### Listed entries
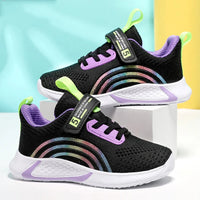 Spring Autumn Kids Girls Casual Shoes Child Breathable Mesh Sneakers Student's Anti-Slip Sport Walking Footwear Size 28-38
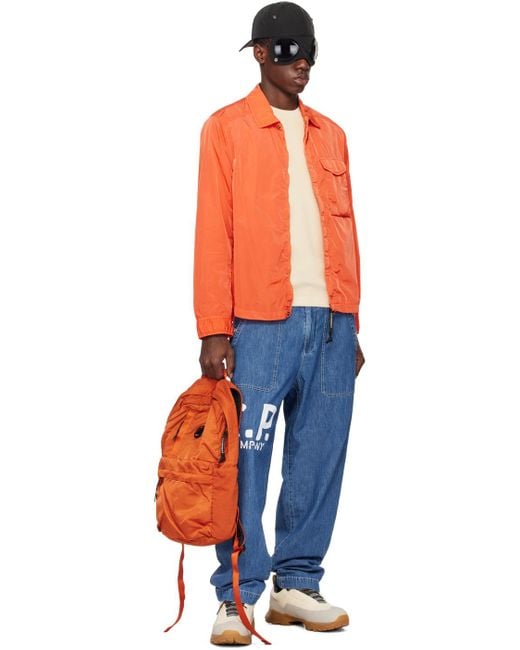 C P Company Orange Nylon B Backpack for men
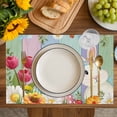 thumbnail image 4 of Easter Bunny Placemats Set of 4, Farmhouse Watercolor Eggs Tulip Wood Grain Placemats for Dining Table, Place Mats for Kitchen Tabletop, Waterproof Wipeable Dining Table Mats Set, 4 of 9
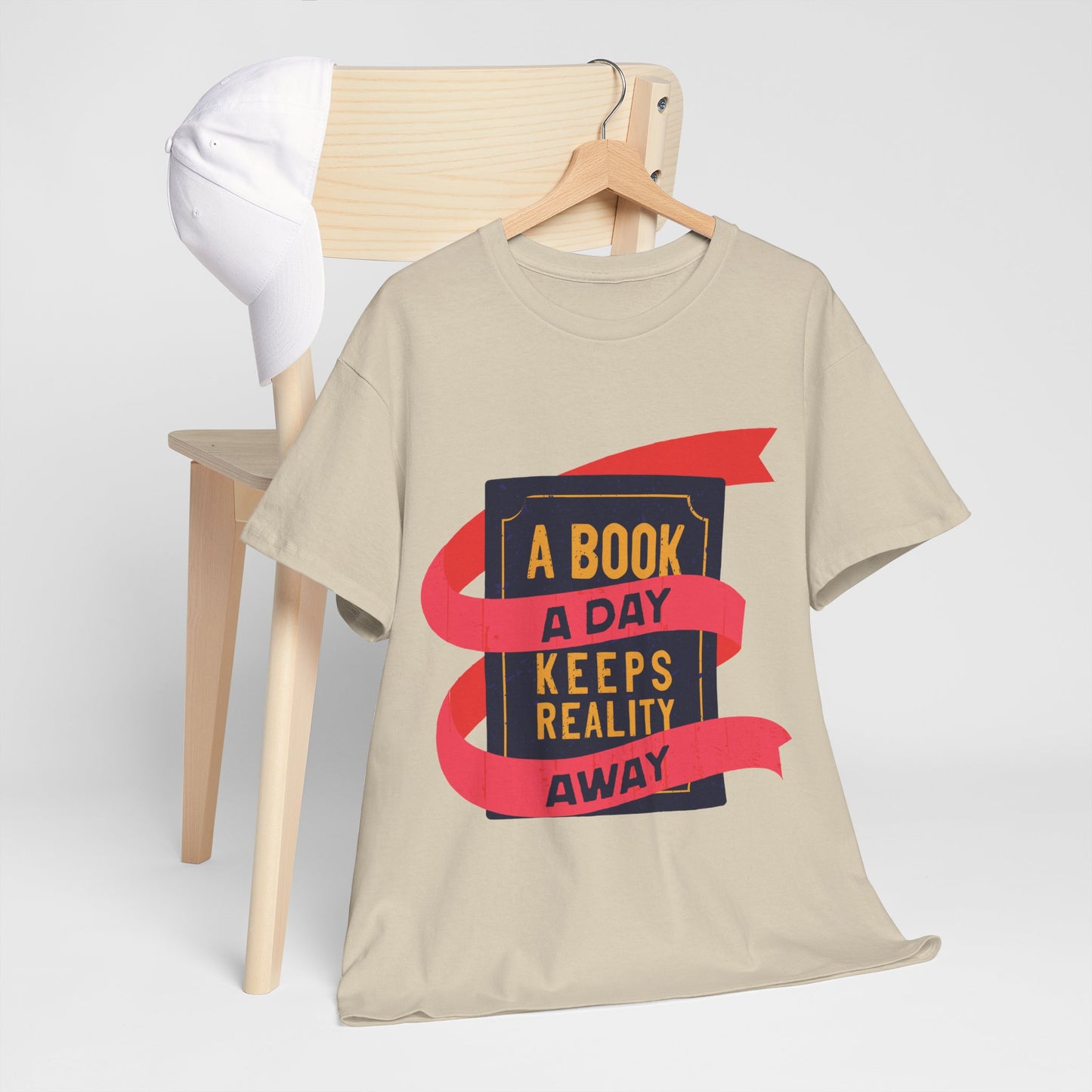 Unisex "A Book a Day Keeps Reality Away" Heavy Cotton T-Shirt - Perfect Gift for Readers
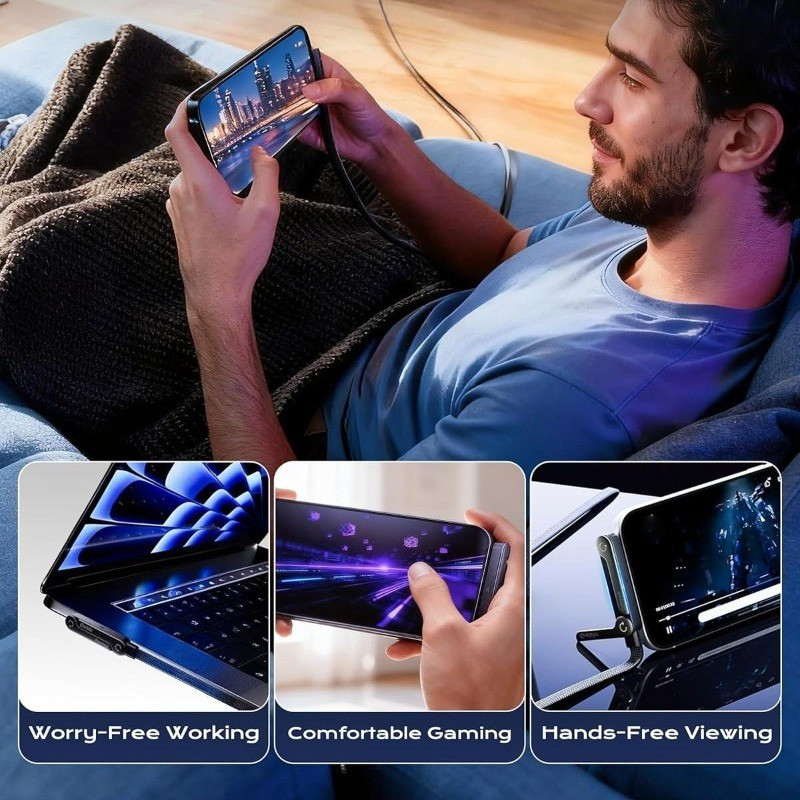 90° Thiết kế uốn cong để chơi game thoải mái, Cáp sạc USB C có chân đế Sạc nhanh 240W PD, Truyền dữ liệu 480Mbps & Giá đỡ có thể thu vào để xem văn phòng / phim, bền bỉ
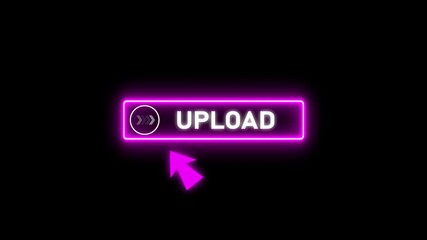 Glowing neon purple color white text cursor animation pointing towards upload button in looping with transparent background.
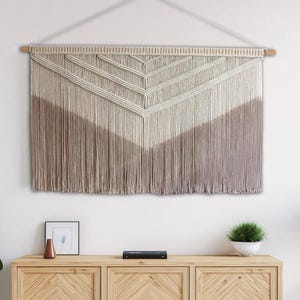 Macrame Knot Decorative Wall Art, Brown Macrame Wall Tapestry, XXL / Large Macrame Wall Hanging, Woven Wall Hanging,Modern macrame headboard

* * *

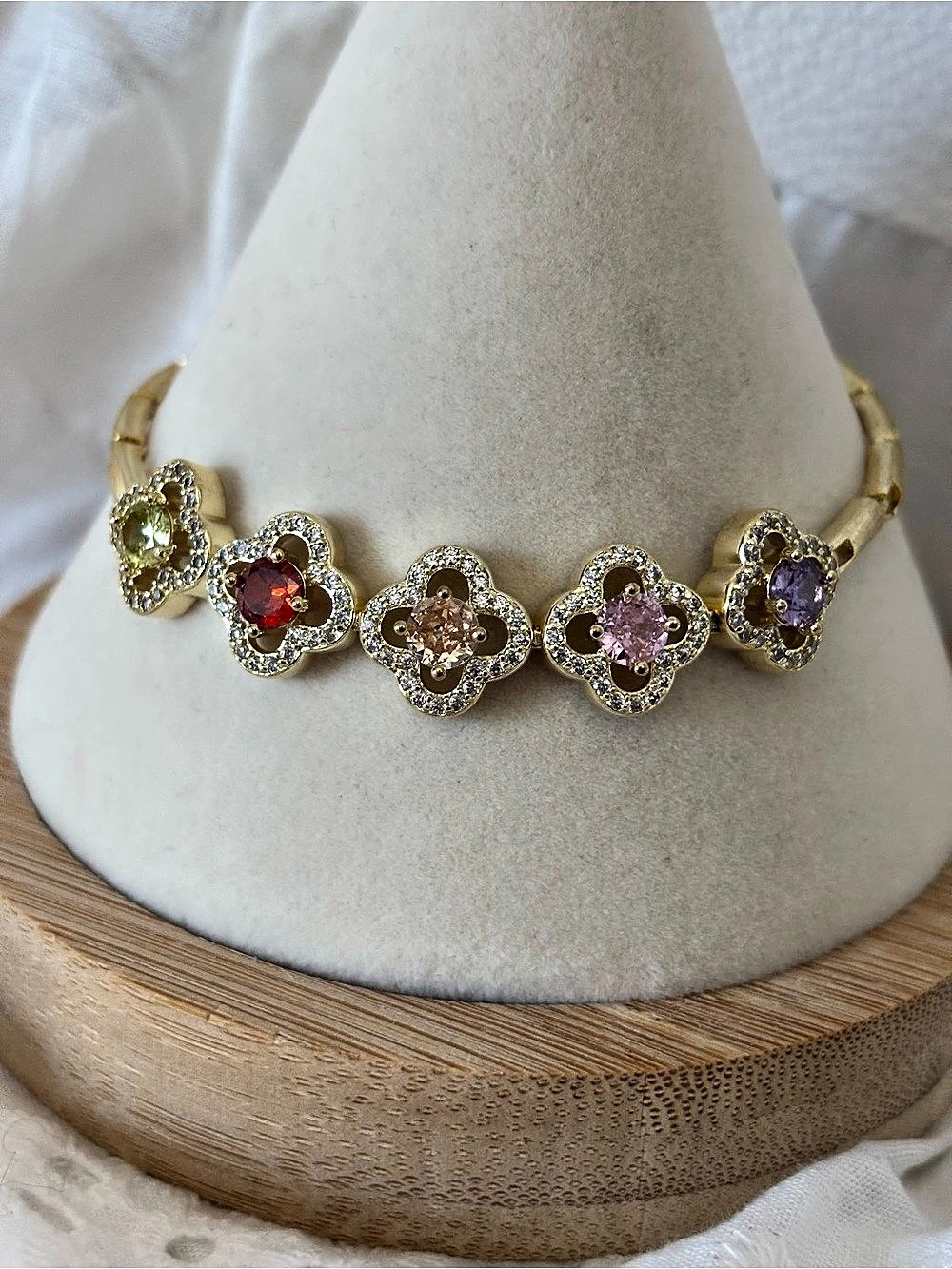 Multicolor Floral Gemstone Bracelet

### Exercise prompt
For this exercise, please set down exactly the lines of the listing above from the line with "Spring Autumn Kids" up to and including the line with "C P Company Orange Nylon B Backpack for men", and no pictures.

### Result of this task
 Spring Autumn Kids Girls Casual Shoes Child Breathable Mesh Sneakers Student's Anti-Slip Sport Walking Footwear Size 28-38
 C P Company Orange Nylon B Backpack for men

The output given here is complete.